0

In Scikit-learn RandomSearchCV and GridSearchCV require the cross validation object for the cv argument, e.g. GroupKFold or any other CV splitter from sklearn.model_selection.

However, how can I use single, static validation set? I have very large training set, large validation set and I only need the interface of CV objects, not whole cross validation.

Specifically, I'm using Scikit-optimize and BayesSearchCV (docs) and it requires the CV object (same interface as regular Scikit-learn SearchCV objects). I want to use my chosen validation set with it, not whole CV.

qalis
  • 1,314
  • 1
  • 16
  • 44

1 Answers1

2

The docs of the model selection objects of scikit-learn, e.g.
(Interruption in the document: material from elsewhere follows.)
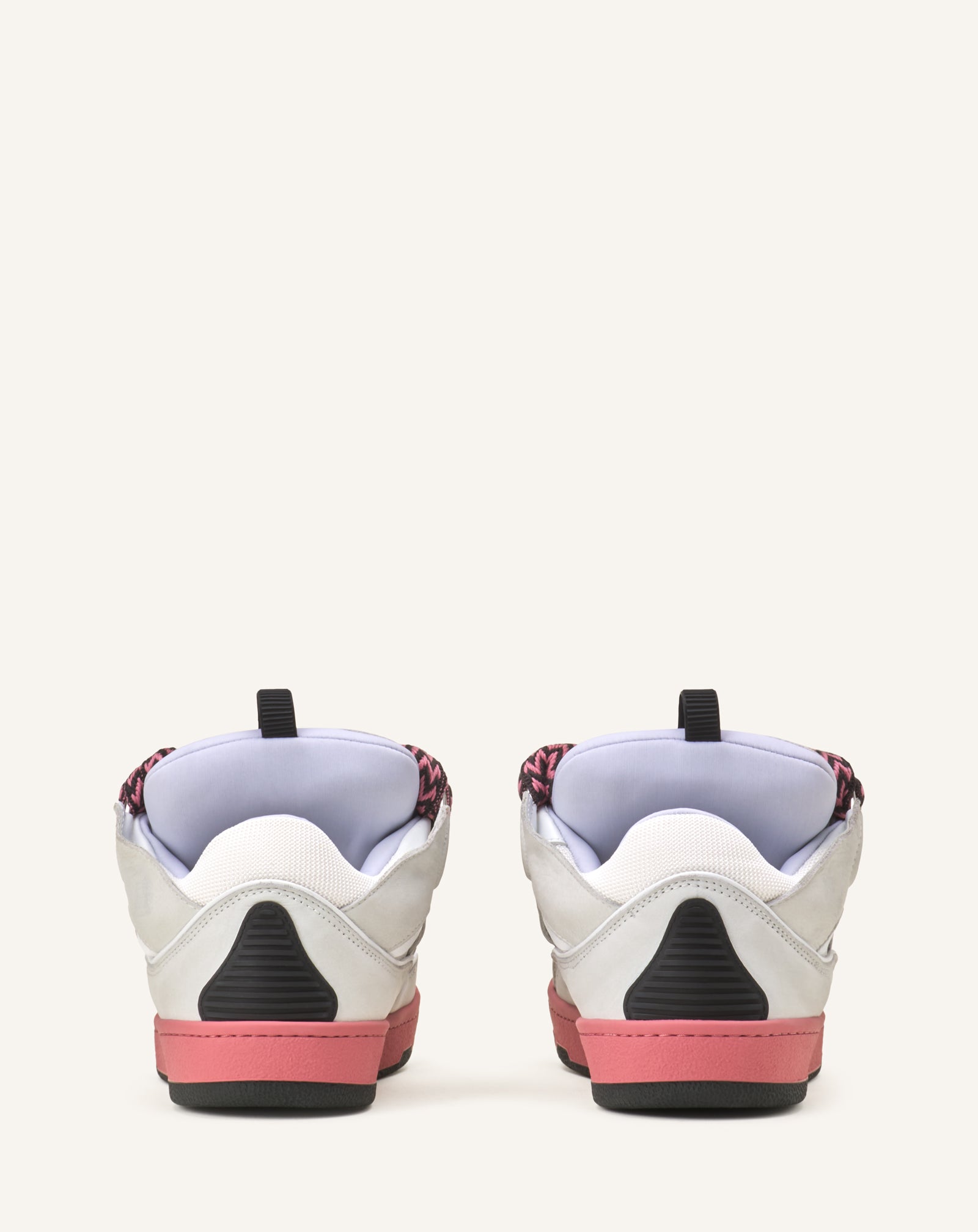 CURB BICO SNEAKERS IN LEATHER - Image 3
GridSearchCV, are maybe a bit clearer how to achieve this:

cv: int, cross-validation generator or an iterable, default=None

  • ...
  • An iterable yielding (train, test) splits as arrays of indices.
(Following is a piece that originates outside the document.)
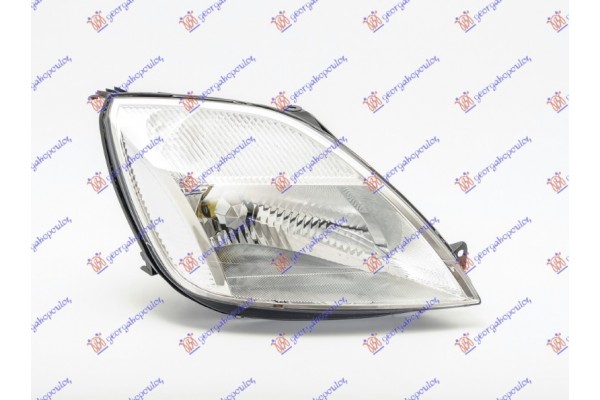 Φανος Εμπρος ΗΛΕΚΤΡ. -06 (Ε) (DEPO) Δεξια Ford Fiesta 02-08 - 036205133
So you need the arrays of indices for training and test samples as a tuple and then wrap them in an iterable, e.g. a list:

train_indices = [...]  # indices for training
test_indices = [...]  # indices for testing

cv = [(train_indices, test_indices)]

Pass this cv defined with a single tuple to the model selection object and it will always use the same samples for training and testing.

afsharov
  • 4,774
  • 2
  • 10
  • 27